Crude Oil Trades Near 26-Month High on Bets Fed Will Spur Demand

Oil traded near its highest in 26 months on speculation the U.S. may extend stimulus measures, bolstering demand in the world’s largest consumer of crude.

Crude rose as much as 0.6 percent today after Federal Reserve Chairman Ben S. Bernanke said the Fed may expand bond purchases beyond the $600 billion announced last month, while in Europe colder weather boosted demand for heating fuel. Hedge funds increased bullish bets on oil by the most in eight weeks on signs that the global economic recovery is gaining pace, data from regulators showed for the week to Nov. 30.

“Oil is up for many reasons, including the Fed comments, overall market optimism, geopolitical worries and speculative activity,” said Eugen Weinberg, head of commodities research at Commerzbank AG in Frankfurt.

Crude for January delivery gained as much as 57 cents to $89.76 a barrel in electronic trading on the New York Mercantile Exchange. That is the highest intraday price since Oct. 9, 2008. The contract was at $88.96 at 1:36 p.m. local time, recouping earlier losses that reached 63 cents.

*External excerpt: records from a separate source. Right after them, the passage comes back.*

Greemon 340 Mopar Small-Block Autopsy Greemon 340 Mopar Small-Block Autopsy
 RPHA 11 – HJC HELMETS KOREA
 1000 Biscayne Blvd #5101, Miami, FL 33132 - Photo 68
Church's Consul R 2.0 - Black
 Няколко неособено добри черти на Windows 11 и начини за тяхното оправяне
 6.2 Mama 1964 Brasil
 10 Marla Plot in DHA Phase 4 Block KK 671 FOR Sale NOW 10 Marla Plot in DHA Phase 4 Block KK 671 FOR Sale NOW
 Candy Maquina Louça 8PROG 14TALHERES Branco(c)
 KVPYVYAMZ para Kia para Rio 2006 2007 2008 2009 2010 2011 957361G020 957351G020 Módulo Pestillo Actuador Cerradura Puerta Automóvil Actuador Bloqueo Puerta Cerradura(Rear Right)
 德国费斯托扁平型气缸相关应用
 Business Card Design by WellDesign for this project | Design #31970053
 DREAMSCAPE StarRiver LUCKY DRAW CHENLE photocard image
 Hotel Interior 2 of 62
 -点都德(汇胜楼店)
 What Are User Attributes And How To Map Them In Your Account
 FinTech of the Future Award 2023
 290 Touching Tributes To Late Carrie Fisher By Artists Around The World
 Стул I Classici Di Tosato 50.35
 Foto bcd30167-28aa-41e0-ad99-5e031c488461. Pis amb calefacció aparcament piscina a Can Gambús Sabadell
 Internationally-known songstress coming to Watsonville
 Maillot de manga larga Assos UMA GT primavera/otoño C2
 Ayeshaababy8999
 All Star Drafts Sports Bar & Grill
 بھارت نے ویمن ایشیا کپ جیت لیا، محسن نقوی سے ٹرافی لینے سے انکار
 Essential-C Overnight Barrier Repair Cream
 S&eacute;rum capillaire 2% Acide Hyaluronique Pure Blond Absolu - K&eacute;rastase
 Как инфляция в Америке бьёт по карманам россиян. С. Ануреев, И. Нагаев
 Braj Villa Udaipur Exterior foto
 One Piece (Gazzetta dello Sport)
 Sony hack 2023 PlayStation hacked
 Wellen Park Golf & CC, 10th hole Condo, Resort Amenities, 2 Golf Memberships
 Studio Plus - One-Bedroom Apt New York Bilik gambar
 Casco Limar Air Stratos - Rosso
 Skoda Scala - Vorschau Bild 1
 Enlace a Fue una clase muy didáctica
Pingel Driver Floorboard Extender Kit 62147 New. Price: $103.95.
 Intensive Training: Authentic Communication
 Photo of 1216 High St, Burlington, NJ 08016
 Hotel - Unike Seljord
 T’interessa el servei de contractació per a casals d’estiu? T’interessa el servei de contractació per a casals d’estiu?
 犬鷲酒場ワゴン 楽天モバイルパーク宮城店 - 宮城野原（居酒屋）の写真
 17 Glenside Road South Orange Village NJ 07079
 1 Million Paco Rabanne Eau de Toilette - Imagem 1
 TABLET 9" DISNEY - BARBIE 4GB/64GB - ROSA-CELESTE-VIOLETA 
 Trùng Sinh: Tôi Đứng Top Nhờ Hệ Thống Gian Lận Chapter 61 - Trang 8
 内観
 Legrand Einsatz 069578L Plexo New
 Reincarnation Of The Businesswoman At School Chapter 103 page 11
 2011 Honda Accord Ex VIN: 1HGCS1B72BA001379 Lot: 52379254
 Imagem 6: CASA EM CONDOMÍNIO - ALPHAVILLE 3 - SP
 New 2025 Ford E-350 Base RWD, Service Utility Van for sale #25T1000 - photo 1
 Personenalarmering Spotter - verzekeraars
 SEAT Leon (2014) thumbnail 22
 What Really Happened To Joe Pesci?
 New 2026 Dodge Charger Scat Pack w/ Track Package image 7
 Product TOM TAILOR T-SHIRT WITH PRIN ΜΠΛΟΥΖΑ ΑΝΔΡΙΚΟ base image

Brent crude for January settlement gained as much as 61 cents, or 0.7 percent, to $92.03 a barrel on the ICE Futures Europe exchange in London.

Crude settled at $89.19 a barrel on Dec. 3, the highest closing price since Oct. 7, 2008. Prices are up 12 percent this year.

Hedge funds and other large investors increased bullish bets on oil last week as prices climbed. The funds boosted so-called net-long positions by 18 percent in the seven days ended Nov. 30, according to the Commodity Futures Trading Commission’s weekly Commitments of Traders report. It was the largest increase since the week ended Oct. 5.

‘Sentiment So Bullish’

“Ninety dollars a barrel is now like a magnet that the bulls in the market want to break through,” said Victor Shum, a senior principal at energy consultants Purvin & Gertz Inc. in Singapore. “These days, sentiment is so bullish that any bad news on the economic front can’t hurt the rally in oil.”

Oil rallied after Bernanke said a return to recession “doesn’t seem likely,” in an interview broadcast yesterday on CBS Corp.’s “60 Minutes” program. Still, unemployment may take five years to fall to a normal level, he said.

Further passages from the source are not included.